Tuesday, November 14, 2006 - 3:15 PM
139-6

Simulation Modeling of Urban Encroachment Effects on Threaten and Endangered Species (TES) Habitat and Identification of TES Corridors on and off of Military Installation Lands.

William Meyer, ERDC/CERL, PO Box 9005, Champaign, IL 61826, United States of America

The loss of wildlife habitat due to human development pressures is dramatic.

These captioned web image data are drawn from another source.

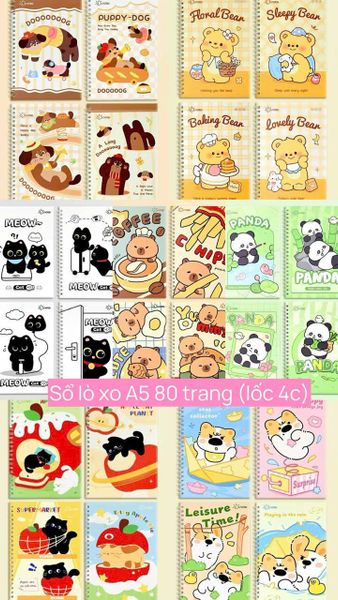 Sổ lò xo A5 - 80 Trang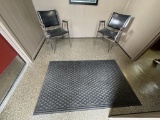 Entryway Floormat and (2) Chairs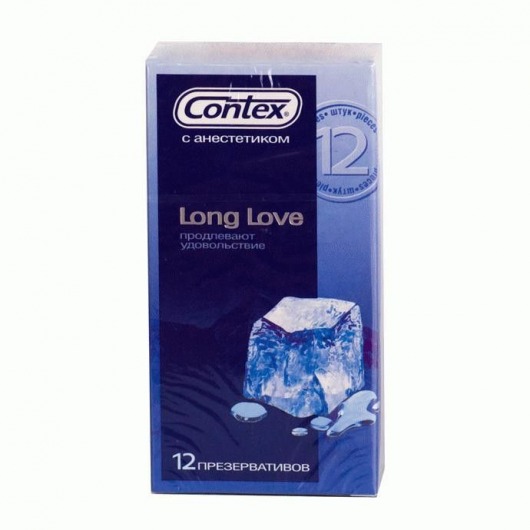 Презервативы с продлевающей смазкой Contex Long Love - 12 шт. - Contex - купить с доставкой в Березниках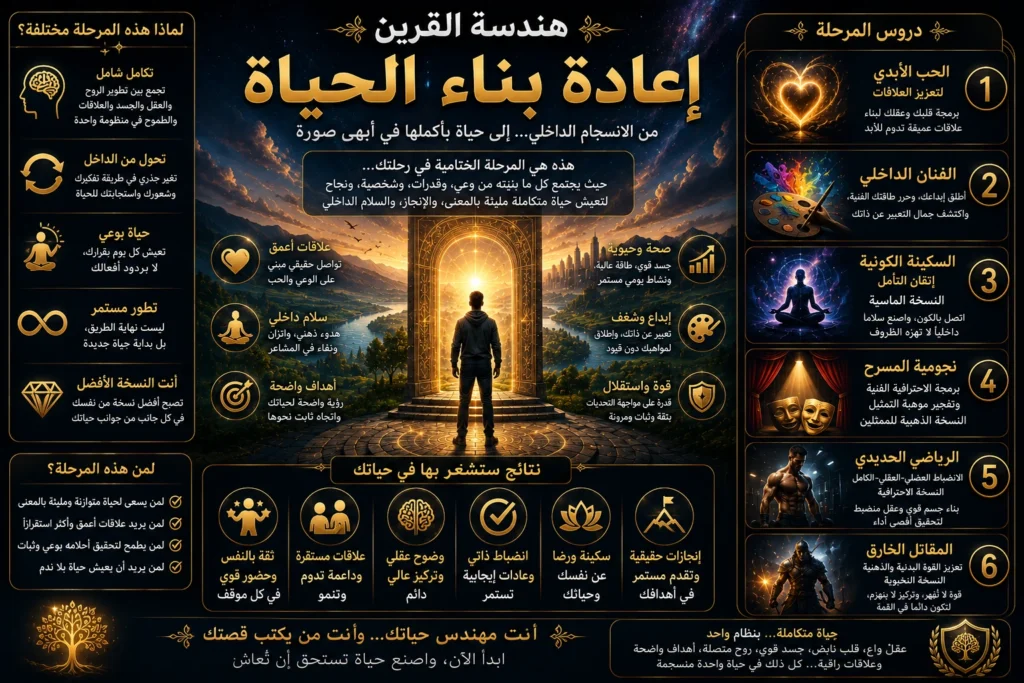 هندسة القرين إعادة بناء الحياة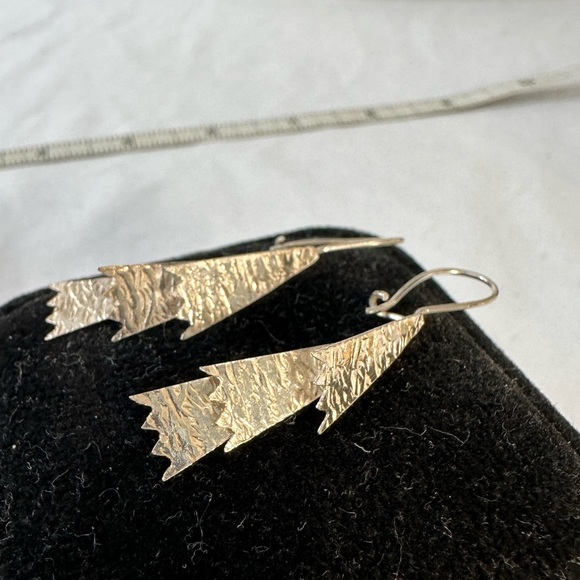 Vintage 80’s artisan Turkish silver earrings - Picture 3 of 10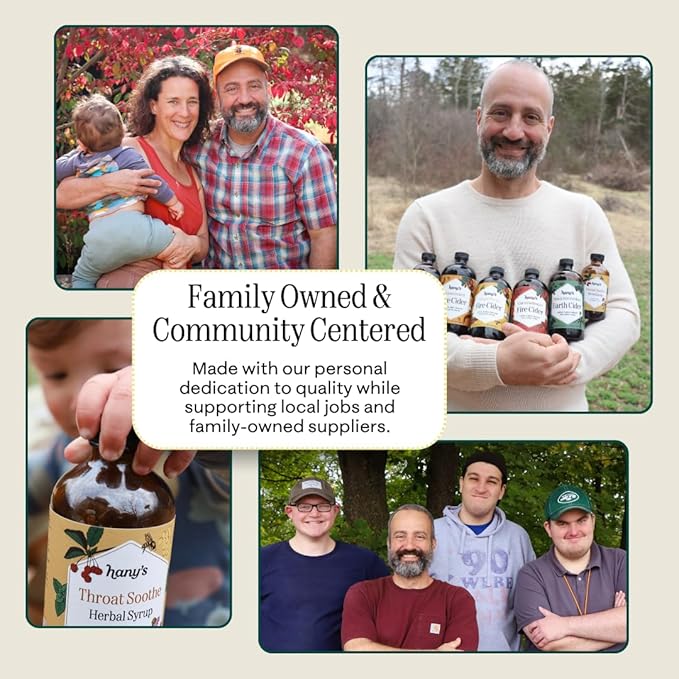 Hany's Harvest Sweet Fire Herbal Syrup – 8 fl oz | All-Natural Wellness Tonic, Apple Cider Vinegar, Raw Honey | Non-GMO, Gluten-Free, Handcrafted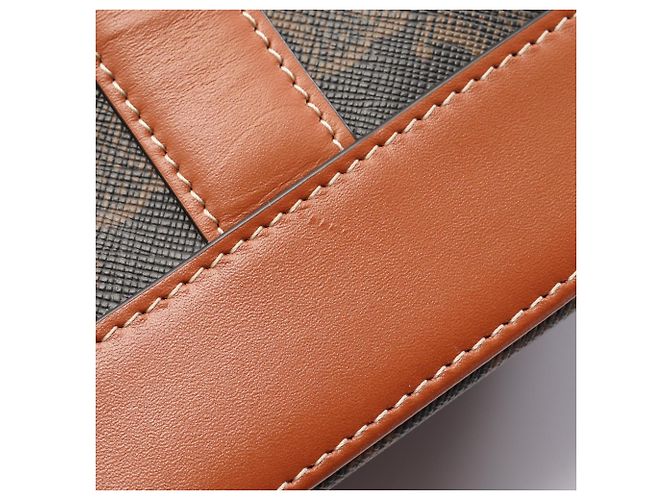 Céline Celine Small Bucket Triomphe Schultertasche Braun Schwarz - Ansicht 7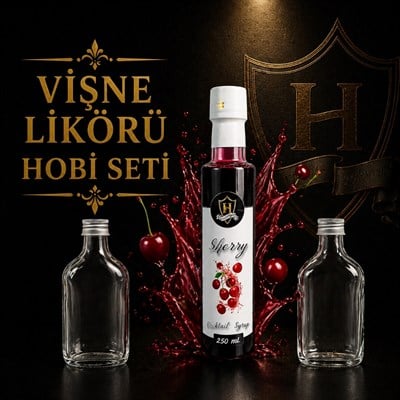 Pratik Likör Yapım Hobi Seti Vişne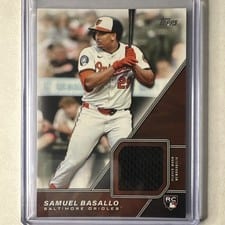 2026 Topps Major League Material Relics Samuel Basallo #MLM-BAS card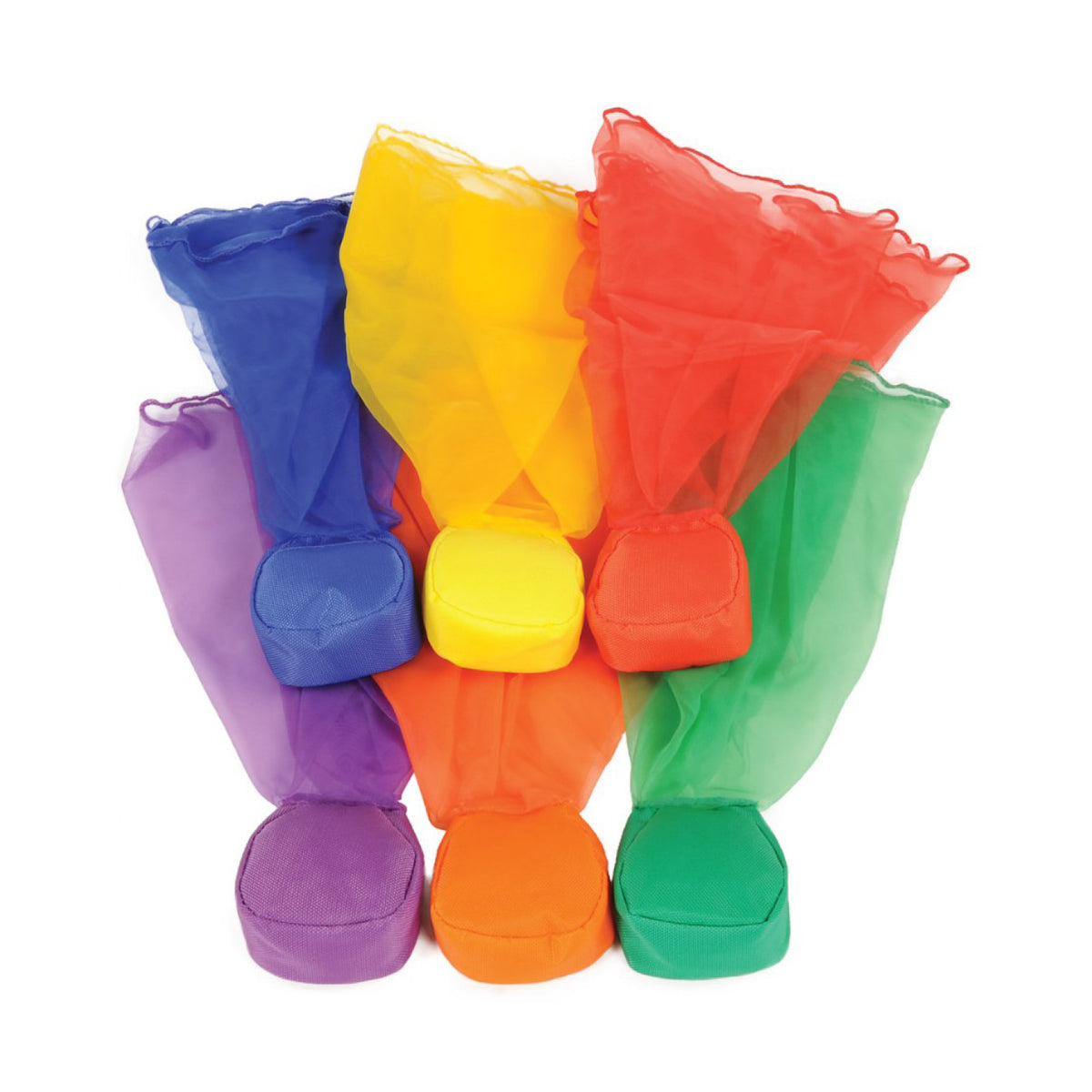 Foulards colorés avec poids (6)
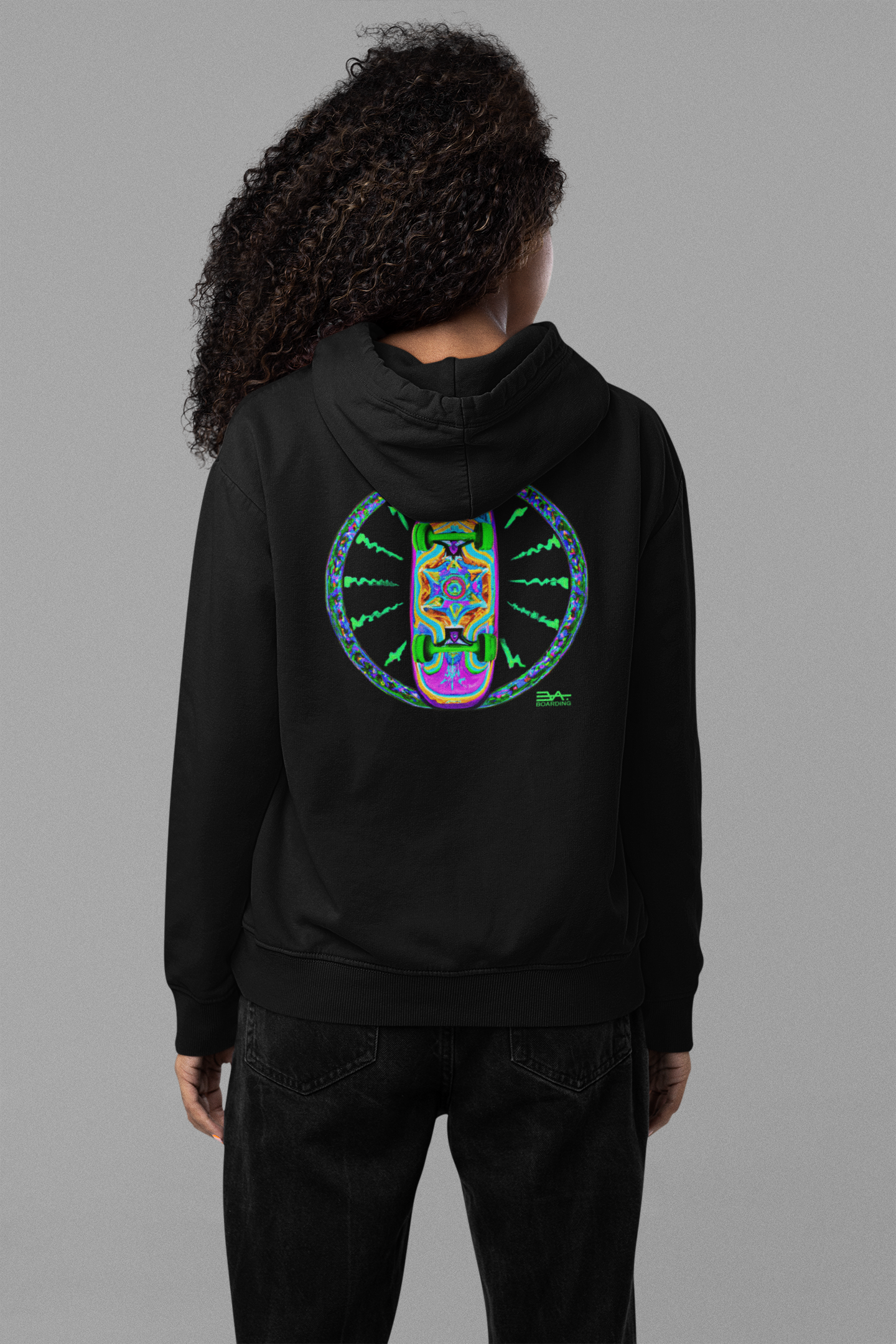 Hippie back Eco Hoodie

In Jackson Hole, Wyoming, declines in neotropical migrant avian species have been correlated with the increase of residential development along the Snake River riparian corridor.   Amphibian populations have also suffered and are the group with the highest proportion of species threatened with extinction.  Habitat destruction from urban development is considered to be the most devastating threat to worldwide biological diversity.  Military land managers have realized that urban encroachment surrounding military installations poses a potential threat to the continued survival of on installation Threatened and Endangered Species (TES) Populations.  To better understand this growing potential threat Military Land Managers at the Fort Benning Military Installation working with the Engineering Research and Development Center (ERDC) at the Construction Engineering Research Laboratory (CERL) in Champaign, IL undertook a simulation modeling research project to identify the future landscape encroachment impacts to TES habitats and the potential to locate wildlife corridor greenways between installation lands and neighboring lands that would guard against the loss of species diversity and fitness as the result of isolation produced by a loss of species traversal corridors.